I like this shot because it veers from the traditional image we see at this time of year. In fact, there isn’t a single shofar in this photograph which is clearly visible in its entirety. At the same time, there are plenty of visual clues which clarify the subject. I chose to focus on the midsection of the large shofar which cuts across the middle of the frame to accentuate its textured surface. This shot was taken indoors with minimal available light, forcing me to use a wide aperture and squashing the depth of field. Yet the soft focus in and around the photo's central horn does not hinder the viewer's ability to wander the frame and ponder the inner composition – Kind of like what we do on Rosh Hashanah upon hearing the blasts of the shofar.

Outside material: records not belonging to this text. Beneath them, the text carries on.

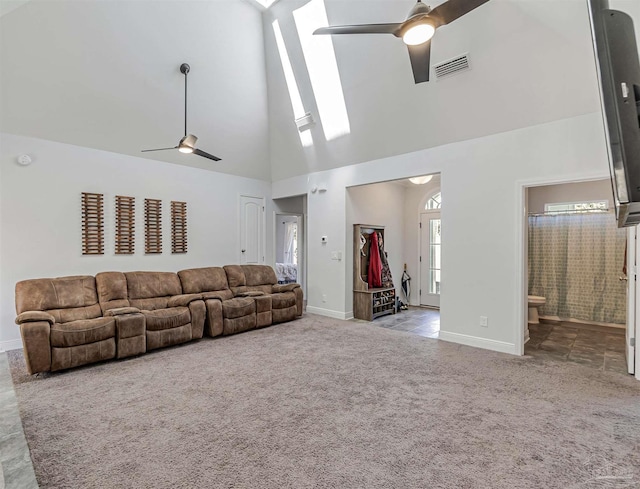 unfurnished living room featuring ceiling fan, light carpet, and high vaulted ceiling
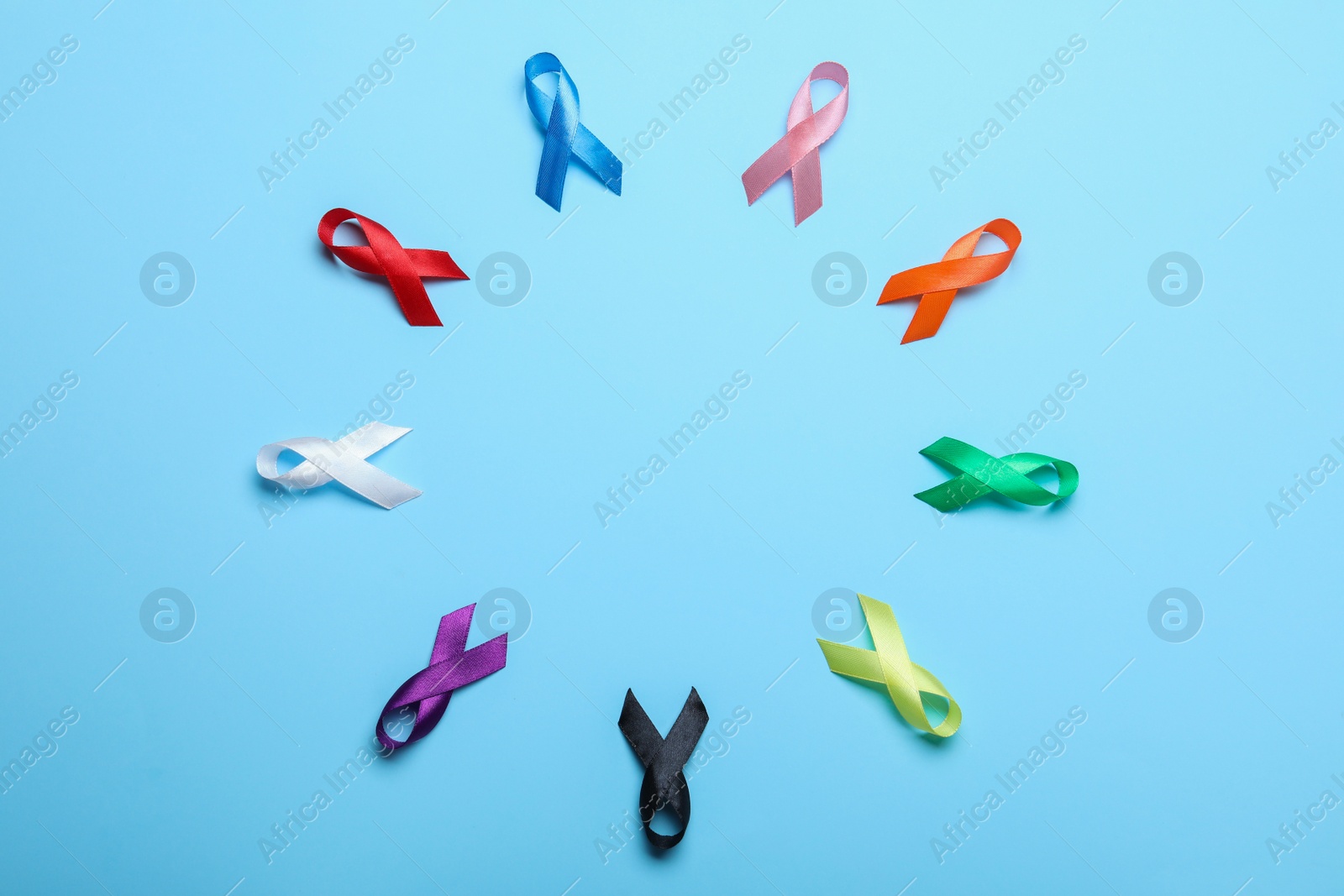 Photo of Frame of colorful ribbons on light blue background, flat lay with space for text. World Cancer Day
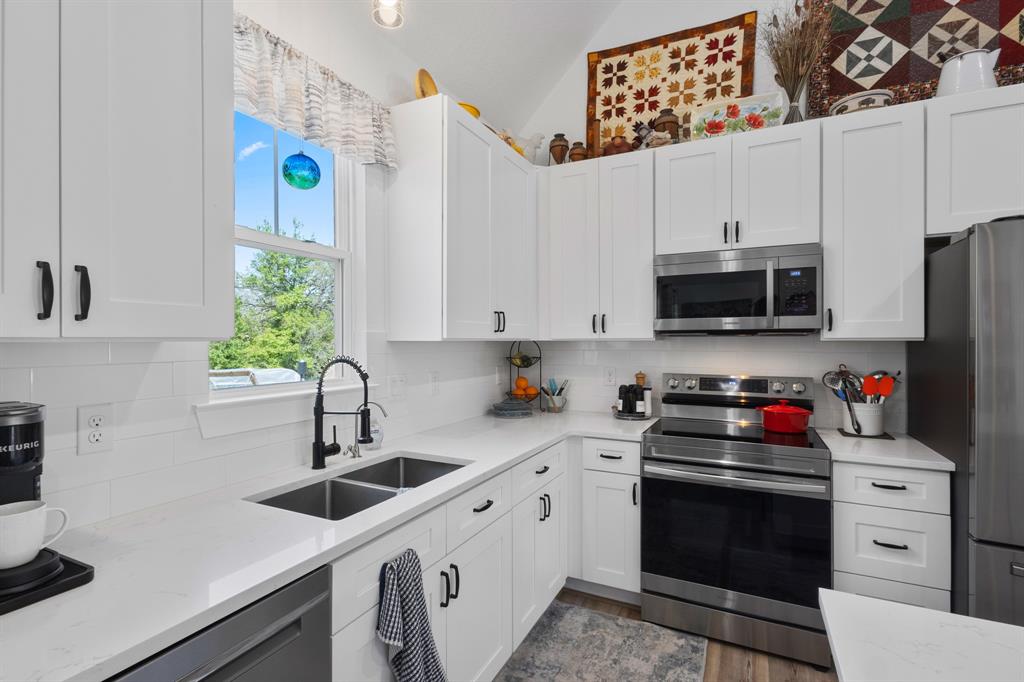 116 Lindsey Lane Runaway Bay, TX 76426 - Photo 16 of 35 a kitchen with stainless steel appliances a white cabinets and a stove top oven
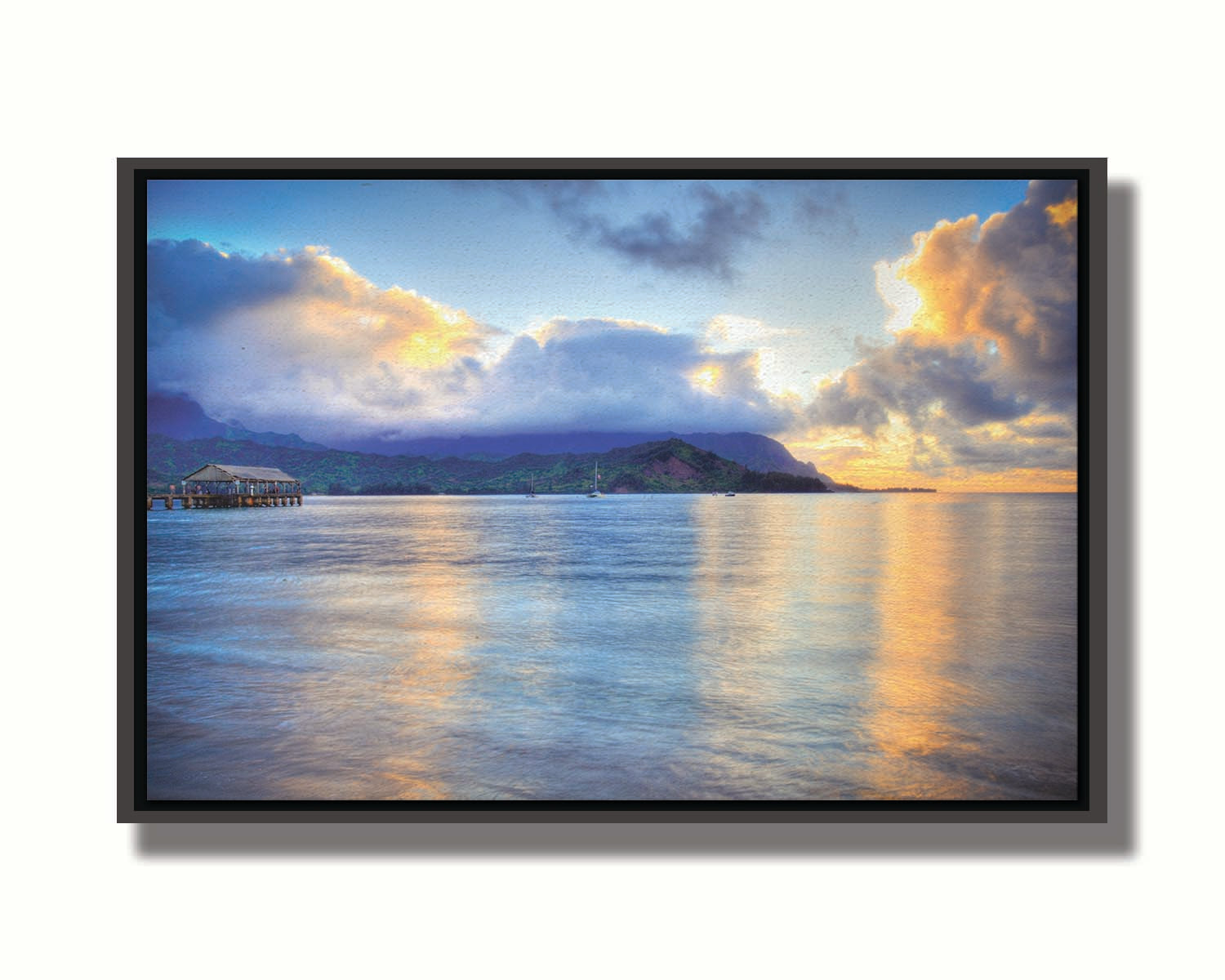 A photo of the ocean at Hanalei Bay at sunset. Clouds rest atop the mountains and reflect the golden light. Printed on canvas in a float frame.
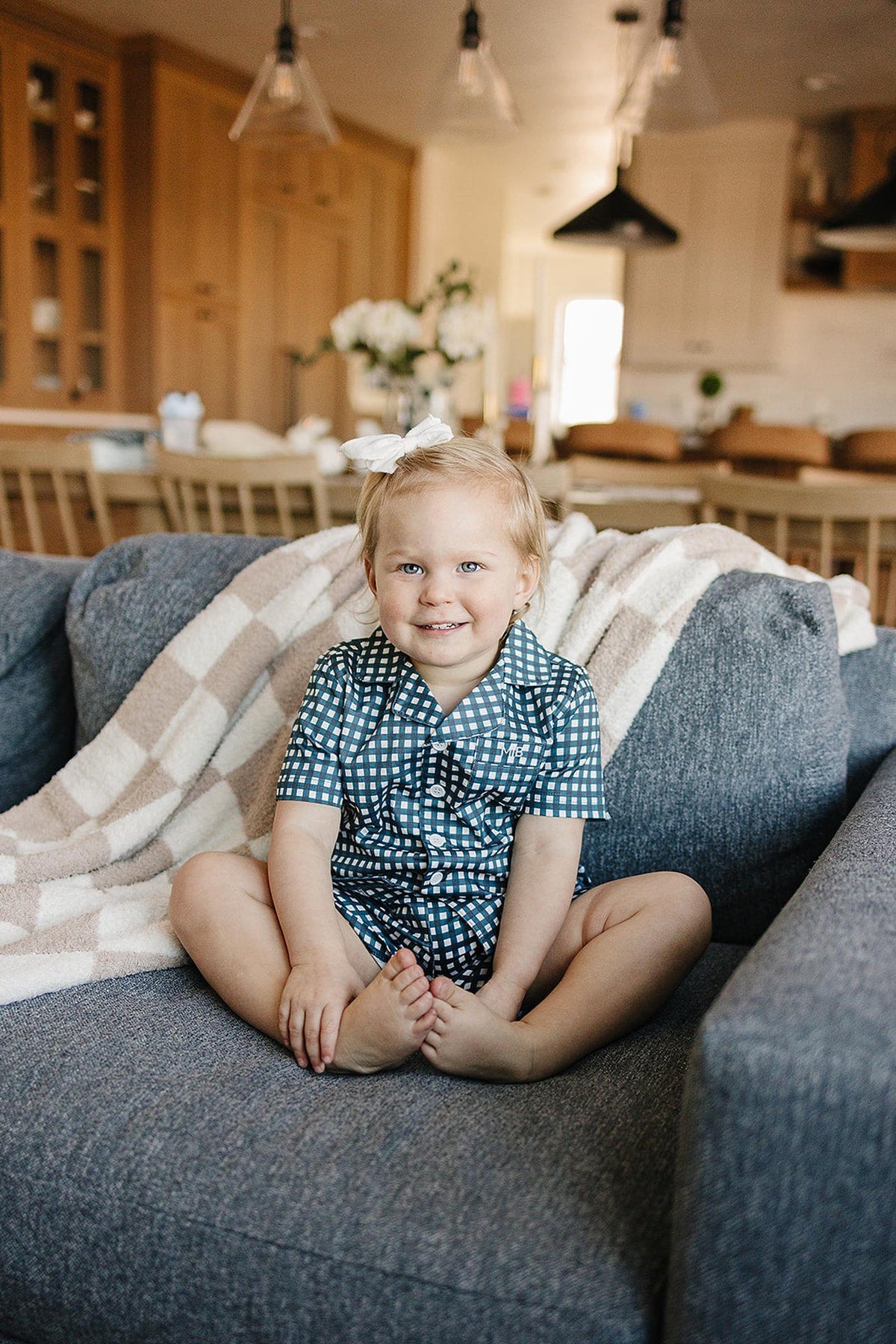 A smiling child in a navy gingham pajama set sits on a gray couch with a cozy blanket.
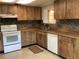 A kitchen with wood cabinets, white appliances, and a tiled backsplash provides a functional space at 2001 E Powhatan Ave, Tampa, FL 33610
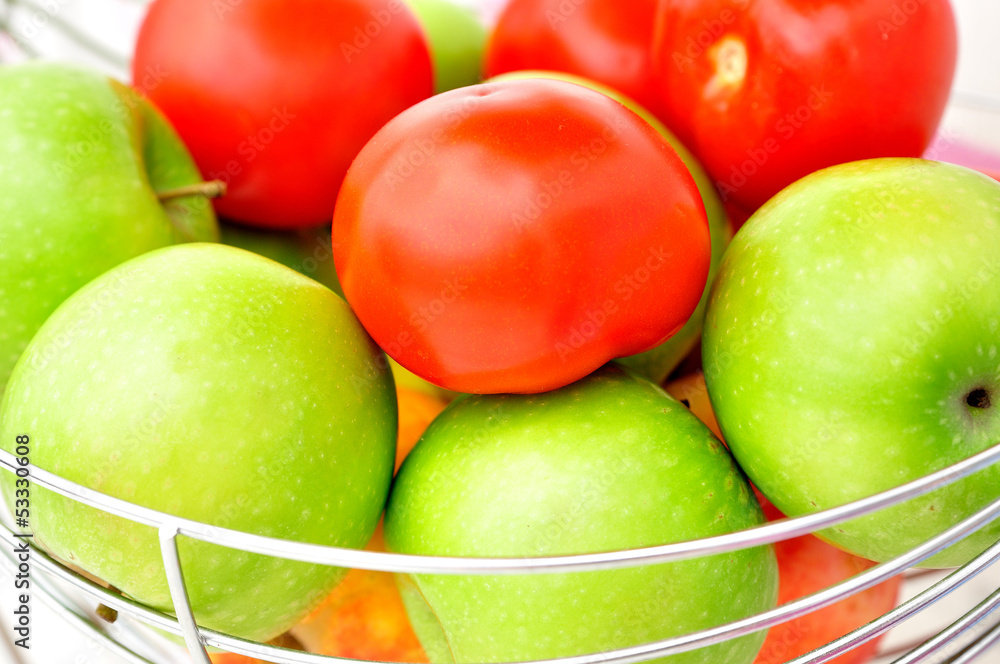 Green apples and red tomatoes. Green apples and red tomatoes.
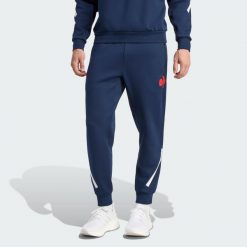 Spodnie France Travel. Niebieskie spodnie dresowe męskie Adidas, bez wzorów, z dresówki. Za 439.00 zł.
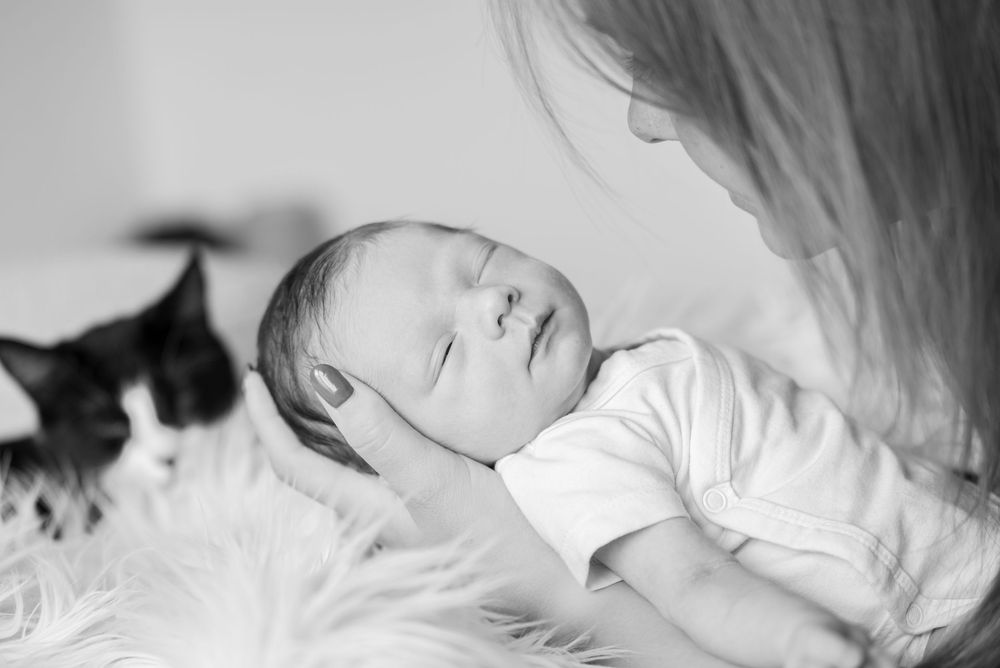 Sleeping newborn baby cradled by mother with a cat in the background, black and white photo.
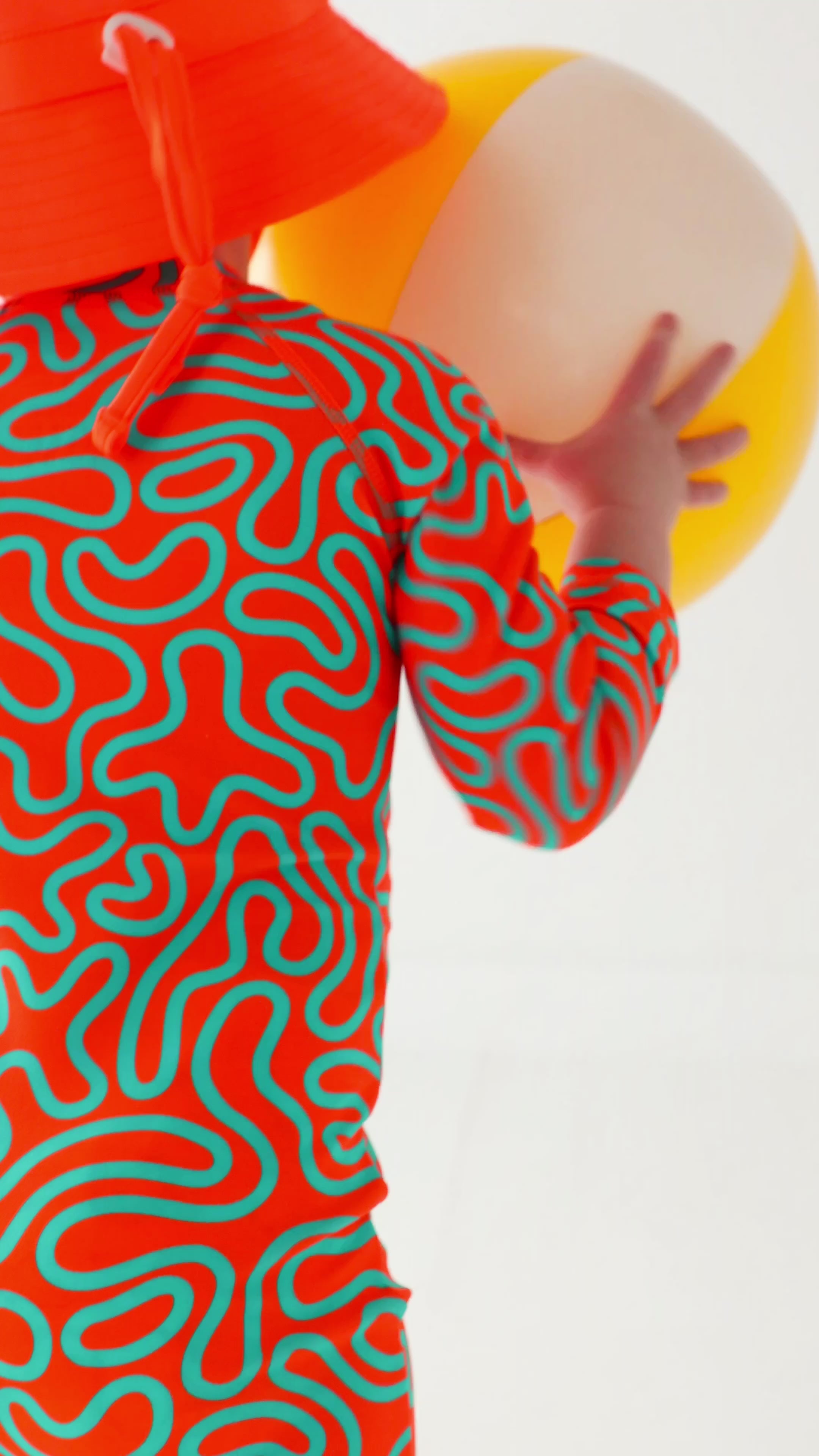 Child wearing a colorful swimsuit with a squiggly pattern and an orange bucket hat on a white background, playing with a white and yellow-striped beach ball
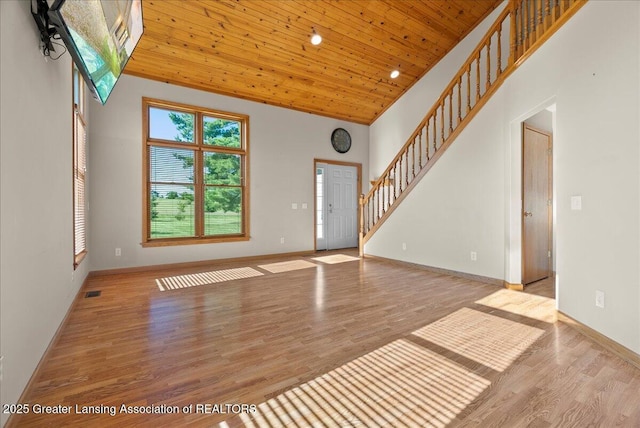 5159 E Pratt Rd, Saint Johns, MI 48879 - entrance foyer with stairs, wood finished floors, and wood ceiling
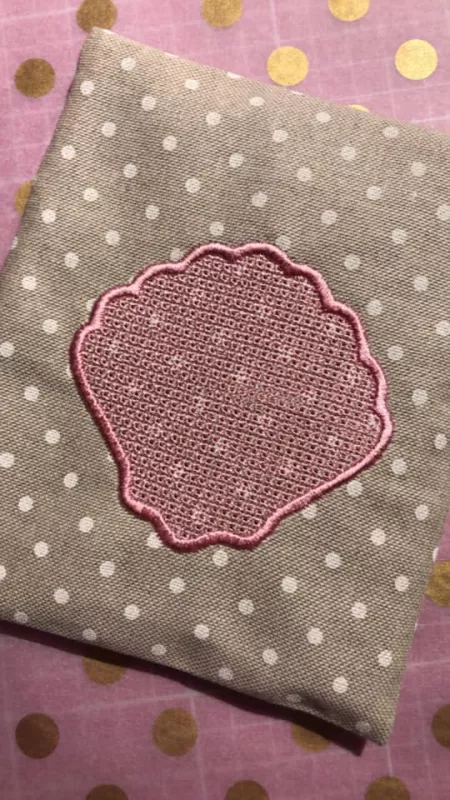 Stickdatei Set Maritime Handtuch Motive Embossed 10x10, Foto zeigt graubraunen Stoff, weiß gepunktet, mit Stickemblem. Motiv: Muschelform, dick umrandet, Füllfläche filigran gemustert, Farbe uni altrosa.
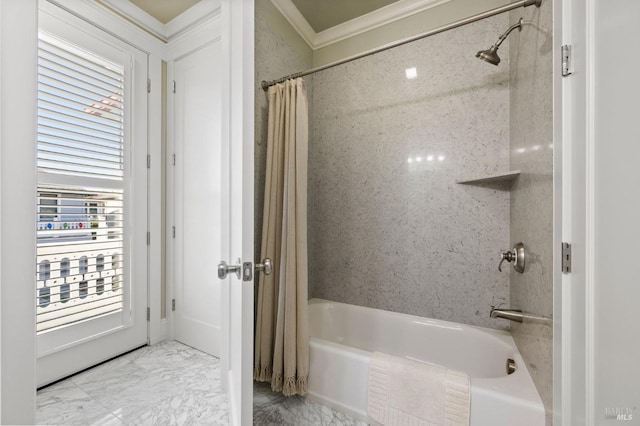 bathroom with crown molding and shower / bath combo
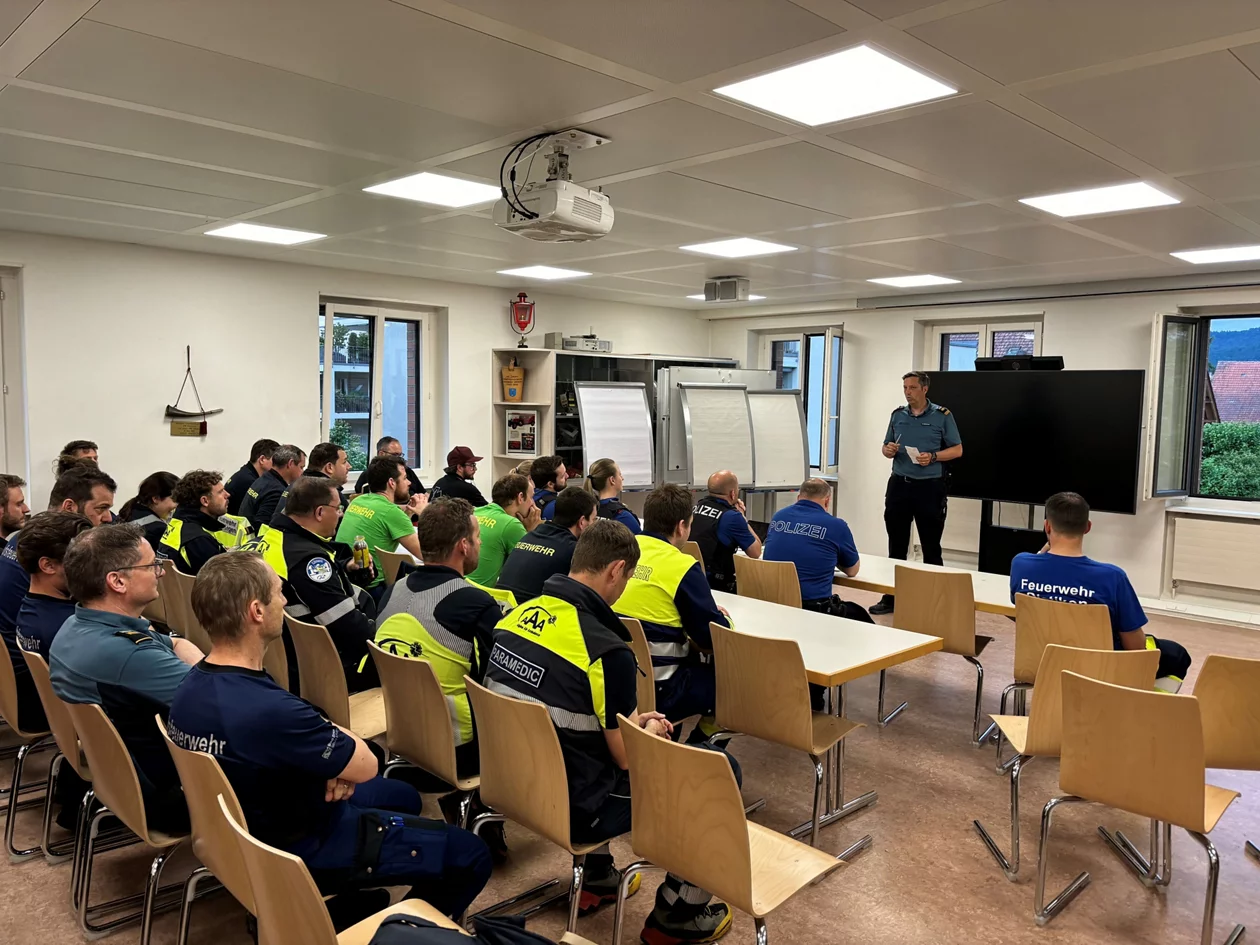 Teilnehmer*innen der Fliesswasserrettungs-Übung nehmen in einem Schulungsraum am Debriefing teil.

Shana Tova Umetuka. Wishing all of Am Yisrael a year of peace, blessings and the ability to appreciate the bounty in our lives.

Technical Data: Nikon D300, 18-200 zoom at 95mm, f6.3 @ 1/100th sec., ISO 400.

Photo of the Week: Sept. 15, 2011

HOW I GOT THE SHOT: Had I been wandering the desert with Moses and the Jewish people, I'd likely have stayed in the back of the pack, enjoying the new scenery in quiet contemplation. To me, the best route between two places is the one unexplored. And so I often find myself taking random turns onto dirt roads that lead in the general direction of my destination, frequently getting lost but often rewarded with new vistas to satisfy my creative thirst.

The road that climbs from Ein Boqeq and the Dead Sea to Arad is curvy and steep and one afternoon, stuck behind the ubiquitous, slow-moving Israeli truck, I spotted an intriguing sign pointing toward Masada and directed my car off road. I bumped along a rocky plateau for about 10 minutes when I came upon this majestic mountain stretched out before me with a perfect canopy of cumulous clouds. I found the high ground and grabbed my widest angle lens in order to capture the vastness of the setting. I would have preferred the whole rock formation to be sunlit, but the position of the sun that day caused a shadow to be formed by a nearby mountain. Sometimes, getting lost is the best path to a new discovery.

Technical Data: Nikon D70, 12-24 zoom at 12mm, f13 @ 1/80th sec., ISO 200.